Rede von Dr. Annemarie Renger
  • Parteizugehörigkeit zum Zeitpunkt der Rede: (SPD)
  • Letzte offizielle eingetragene Parteizugehörigkeit: (SPD)
Das Wort hat die Abgeordnete Frau Schmidt (Nürnberg).

  • insert_commentNächste Rede als Kontext
    Rede von Renate Schmidt


    • Parteizugehörigkeit zum Zeitpunkt der Rede: (SPD)
    • Letzte offizielle eingetragene Parteizugehörigkeit: (SPD)

    Sehr geehrte Frau Präsidentin!

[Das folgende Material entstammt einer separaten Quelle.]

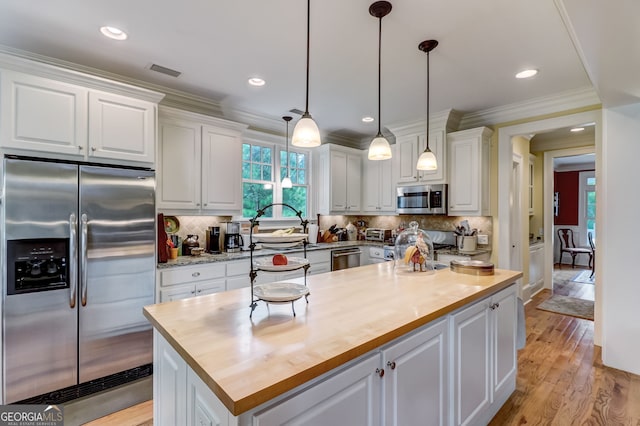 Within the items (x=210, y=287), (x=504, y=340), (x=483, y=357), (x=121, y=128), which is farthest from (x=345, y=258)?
(x=121, y=128)

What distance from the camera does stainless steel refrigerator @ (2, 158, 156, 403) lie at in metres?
2.10

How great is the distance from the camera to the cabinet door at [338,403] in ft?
2.99

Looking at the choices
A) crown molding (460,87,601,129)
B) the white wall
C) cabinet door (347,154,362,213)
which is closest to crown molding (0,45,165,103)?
cabinet door (347,154,362,213)

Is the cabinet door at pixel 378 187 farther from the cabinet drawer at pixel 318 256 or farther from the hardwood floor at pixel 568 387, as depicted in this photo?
the hardwood floor at pixel 568 387

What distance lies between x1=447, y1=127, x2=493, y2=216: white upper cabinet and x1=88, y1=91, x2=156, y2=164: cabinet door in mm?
3441

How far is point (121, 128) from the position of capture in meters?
2.56

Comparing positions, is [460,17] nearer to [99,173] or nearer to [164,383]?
[164,383]

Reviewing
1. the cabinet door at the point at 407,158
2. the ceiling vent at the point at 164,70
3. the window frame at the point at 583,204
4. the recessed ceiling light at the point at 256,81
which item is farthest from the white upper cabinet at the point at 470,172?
the window frame at the point at 583,204

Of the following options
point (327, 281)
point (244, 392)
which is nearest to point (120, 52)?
point (327, 281)

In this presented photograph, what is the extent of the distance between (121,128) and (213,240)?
1.47 metres

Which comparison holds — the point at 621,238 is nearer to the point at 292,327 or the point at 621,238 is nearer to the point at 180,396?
the point at 292,327

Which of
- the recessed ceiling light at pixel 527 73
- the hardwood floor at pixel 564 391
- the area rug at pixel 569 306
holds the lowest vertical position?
the hardwood floor at pixel 564 391

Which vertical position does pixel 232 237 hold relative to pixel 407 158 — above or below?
below

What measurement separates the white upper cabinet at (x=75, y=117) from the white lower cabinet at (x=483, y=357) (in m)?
2.74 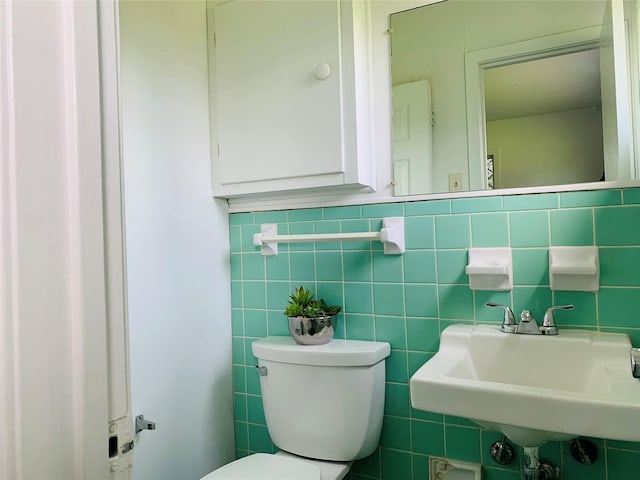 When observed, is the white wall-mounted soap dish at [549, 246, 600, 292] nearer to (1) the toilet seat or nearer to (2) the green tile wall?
(2) the green tile wall

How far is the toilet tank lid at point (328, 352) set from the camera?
135cm

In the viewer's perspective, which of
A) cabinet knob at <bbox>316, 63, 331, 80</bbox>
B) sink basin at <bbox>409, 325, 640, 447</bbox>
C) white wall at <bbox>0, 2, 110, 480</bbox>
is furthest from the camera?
cabinet knob at <bbox>316, 63, 331, 80</bbox>

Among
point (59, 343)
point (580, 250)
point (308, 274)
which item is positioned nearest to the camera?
point (59, 343)

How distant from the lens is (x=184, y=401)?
152 centimetres

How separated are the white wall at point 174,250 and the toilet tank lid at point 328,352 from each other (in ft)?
0.91

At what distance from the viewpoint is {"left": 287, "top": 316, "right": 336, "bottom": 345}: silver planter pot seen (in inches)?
57.5

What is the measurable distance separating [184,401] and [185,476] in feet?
0.84

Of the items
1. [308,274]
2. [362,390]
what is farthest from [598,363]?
[308,274]

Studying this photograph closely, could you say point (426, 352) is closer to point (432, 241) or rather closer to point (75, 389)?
point (432, 241)

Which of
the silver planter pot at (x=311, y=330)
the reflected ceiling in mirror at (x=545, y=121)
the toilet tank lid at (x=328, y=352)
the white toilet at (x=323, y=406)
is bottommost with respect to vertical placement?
the white toilet at (x=323, y=406)

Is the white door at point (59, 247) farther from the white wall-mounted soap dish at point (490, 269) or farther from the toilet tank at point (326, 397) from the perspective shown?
the white wall-mounted soap dish at point (490, 269)

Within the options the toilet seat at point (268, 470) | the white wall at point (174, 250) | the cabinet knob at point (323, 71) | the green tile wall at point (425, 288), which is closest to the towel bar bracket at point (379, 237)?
the green tile wall at point (425, 288)

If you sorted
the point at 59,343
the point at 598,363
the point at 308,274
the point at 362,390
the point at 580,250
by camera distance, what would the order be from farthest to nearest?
the point at 308,274 → the point at 362,390 → the point at 580,250 → the point at 598,363 → the point at 59,343

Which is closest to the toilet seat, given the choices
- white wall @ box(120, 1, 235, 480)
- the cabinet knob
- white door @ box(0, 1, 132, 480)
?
white wall @ box(120, 1, 235, 480) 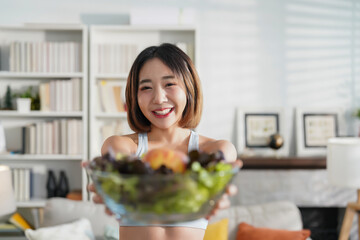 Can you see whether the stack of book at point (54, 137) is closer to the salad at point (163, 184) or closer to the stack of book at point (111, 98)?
the stack of book at point (111, 98)

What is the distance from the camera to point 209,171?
680 millimetres

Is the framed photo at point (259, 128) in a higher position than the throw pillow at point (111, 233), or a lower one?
higher

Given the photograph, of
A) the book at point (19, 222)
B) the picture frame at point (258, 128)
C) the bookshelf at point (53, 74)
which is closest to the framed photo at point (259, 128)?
the picture frame at point (258, 128)

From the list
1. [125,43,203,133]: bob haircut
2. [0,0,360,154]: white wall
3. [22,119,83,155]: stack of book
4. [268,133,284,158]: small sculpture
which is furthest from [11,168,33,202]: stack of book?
[125,43,203,133]: bob haircut

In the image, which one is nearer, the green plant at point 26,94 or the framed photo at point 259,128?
the green plant at point 26,94

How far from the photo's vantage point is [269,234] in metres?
2.36

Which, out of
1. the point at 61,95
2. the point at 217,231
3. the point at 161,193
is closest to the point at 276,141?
the point at 217,231

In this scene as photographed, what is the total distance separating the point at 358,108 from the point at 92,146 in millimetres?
2420

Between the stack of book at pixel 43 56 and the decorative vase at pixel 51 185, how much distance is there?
3.00ft

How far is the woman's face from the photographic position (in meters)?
0.99

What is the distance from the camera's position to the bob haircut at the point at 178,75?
Answer: 1.02 metres

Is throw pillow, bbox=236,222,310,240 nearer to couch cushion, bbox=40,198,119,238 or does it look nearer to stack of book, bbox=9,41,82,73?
couch cushion, bbox=40,198,119,238

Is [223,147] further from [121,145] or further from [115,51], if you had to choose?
[115,51]

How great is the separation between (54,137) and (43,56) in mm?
702
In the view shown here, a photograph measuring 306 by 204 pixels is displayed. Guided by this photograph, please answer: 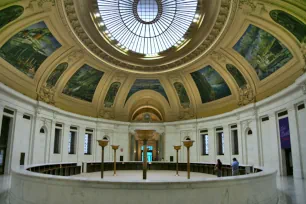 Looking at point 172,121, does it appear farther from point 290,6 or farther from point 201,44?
point 290,6

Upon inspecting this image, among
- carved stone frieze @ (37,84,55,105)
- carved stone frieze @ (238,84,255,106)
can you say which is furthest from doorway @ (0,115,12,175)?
carved stone frieze @ (238,84,255,106)

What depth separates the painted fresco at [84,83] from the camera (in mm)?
21188

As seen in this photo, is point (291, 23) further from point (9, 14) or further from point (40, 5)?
point (9, 14)

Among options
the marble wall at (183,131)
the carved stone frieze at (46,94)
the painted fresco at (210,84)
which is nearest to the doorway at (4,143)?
the marble wall at (183,131)

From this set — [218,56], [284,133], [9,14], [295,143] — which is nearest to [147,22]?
[218,56]

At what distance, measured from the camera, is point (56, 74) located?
19.6 meters

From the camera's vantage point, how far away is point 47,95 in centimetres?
1930

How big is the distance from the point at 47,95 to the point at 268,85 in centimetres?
1573

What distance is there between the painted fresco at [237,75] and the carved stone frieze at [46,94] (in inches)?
535

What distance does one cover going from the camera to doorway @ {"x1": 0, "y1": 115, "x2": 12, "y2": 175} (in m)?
14.9

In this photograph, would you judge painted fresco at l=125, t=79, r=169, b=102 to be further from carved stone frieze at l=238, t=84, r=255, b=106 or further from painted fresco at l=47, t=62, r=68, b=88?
carved stone frieze at l=238, t=84, r=255, b=106

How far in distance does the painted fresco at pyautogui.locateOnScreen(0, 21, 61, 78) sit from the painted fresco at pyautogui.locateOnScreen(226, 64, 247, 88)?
40.9 ft

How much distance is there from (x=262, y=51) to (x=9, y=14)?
14297mm

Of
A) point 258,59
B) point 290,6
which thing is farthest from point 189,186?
point 258,59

Sehr geehrte Kollegen und Kolleginnen!
    Ich glaube, wir haben jetzt, wenige Jahre nach Erkennen der Immunschwäche AIDS, Anlaß, vor allen Dingen der Bevölkerung zu danken, die sich trotz Sensationsberichterstattung und trotz bayerischer Maßnahmen nicht zu Panik und Hysterie hat hinreißen lassen. Zu danken haben wir den Selbsthilfeorganisationen, insbesondere der AIDS-Hilfe, die mit Phantasie, Beharrlichkeit und unkonventionellen Mitteln erreicht hat, daß in einer der hauptbetroffenen Gruppen, bei den Homosexuellen, deutliche Verhaltensänderungen eingetreten sind, oder der Organisation der Pflegeeltern behinderter Kinder, die sich trotz Anfeindungen und Maßnahmen, die man bereits Verfolgung nennen kann — vor allem in Bayern — , nicht davon haben abbringen lassen, auch AIDS-infizierte Kinder in ihre Familien aufzunehmen.

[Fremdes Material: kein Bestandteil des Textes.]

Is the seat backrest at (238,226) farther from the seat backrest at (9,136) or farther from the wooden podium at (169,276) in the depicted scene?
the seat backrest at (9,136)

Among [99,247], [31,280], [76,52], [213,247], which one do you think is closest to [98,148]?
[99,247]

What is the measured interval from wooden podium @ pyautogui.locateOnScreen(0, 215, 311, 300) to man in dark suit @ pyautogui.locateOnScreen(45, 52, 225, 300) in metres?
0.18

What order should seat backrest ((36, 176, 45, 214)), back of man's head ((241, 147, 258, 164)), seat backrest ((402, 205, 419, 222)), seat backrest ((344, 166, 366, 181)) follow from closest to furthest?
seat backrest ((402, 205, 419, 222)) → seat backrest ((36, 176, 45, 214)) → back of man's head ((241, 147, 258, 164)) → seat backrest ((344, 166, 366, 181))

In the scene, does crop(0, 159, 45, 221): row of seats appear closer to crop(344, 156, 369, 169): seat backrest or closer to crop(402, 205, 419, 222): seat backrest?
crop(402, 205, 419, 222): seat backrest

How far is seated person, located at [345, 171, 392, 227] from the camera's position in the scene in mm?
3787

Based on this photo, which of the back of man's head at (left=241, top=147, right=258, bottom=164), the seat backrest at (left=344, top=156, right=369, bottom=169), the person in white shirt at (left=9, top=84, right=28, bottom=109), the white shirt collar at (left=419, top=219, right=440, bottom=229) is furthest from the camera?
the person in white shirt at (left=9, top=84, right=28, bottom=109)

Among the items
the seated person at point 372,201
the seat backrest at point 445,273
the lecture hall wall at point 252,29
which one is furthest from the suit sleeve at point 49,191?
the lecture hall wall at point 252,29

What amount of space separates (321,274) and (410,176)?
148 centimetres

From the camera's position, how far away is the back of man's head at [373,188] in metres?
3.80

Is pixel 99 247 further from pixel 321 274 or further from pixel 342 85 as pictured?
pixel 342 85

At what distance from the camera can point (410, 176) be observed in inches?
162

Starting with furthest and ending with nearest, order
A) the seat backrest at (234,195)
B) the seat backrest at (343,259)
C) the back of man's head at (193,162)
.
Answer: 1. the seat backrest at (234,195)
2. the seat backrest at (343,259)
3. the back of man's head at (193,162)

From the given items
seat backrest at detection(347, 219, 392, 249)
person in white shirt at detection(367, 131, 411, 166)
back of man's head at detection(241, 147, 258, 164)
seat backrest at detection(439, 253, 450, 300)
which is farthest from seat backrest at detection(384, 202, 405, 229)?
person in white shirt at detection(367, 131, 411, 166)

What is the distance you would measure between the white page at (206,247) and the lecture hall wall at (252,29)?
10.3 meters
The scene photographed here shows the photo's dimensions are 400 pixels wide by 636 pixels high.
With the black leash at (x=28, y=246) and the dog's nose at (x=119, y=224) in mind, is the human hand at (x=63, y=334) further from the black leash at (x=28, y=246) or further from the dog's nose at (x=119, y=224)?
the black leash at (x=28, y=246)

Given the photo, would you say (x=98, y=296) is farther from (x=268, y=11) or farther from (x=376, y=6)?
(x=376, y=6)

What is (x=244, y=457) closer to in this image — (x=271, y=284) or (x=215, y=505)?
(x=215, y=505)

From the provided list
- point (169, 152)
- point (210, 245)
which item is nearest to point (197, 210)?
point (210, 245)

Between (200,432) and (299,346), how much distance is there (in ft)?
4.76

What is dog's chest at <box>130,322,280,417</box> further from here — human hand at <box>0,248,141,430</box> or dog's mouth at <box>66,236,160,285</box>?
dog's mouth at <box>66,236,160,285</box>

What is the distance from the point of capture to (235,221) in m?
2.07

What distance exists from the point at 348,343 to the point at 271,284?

    Wir sind auch mit der AIDS-Politik der Gesundheitsministerin im wesentlichen zufrieden, weil Frau Süssmuth trotz laufender und dauernder Querschüsse aus Bayern — ein Beispiel haben wir hier ja gerade mitbekommen — ihre Linie der Politik, die auch unsere ist, durchhält. Diese Linie heißt: Prävention durch Aufklärung.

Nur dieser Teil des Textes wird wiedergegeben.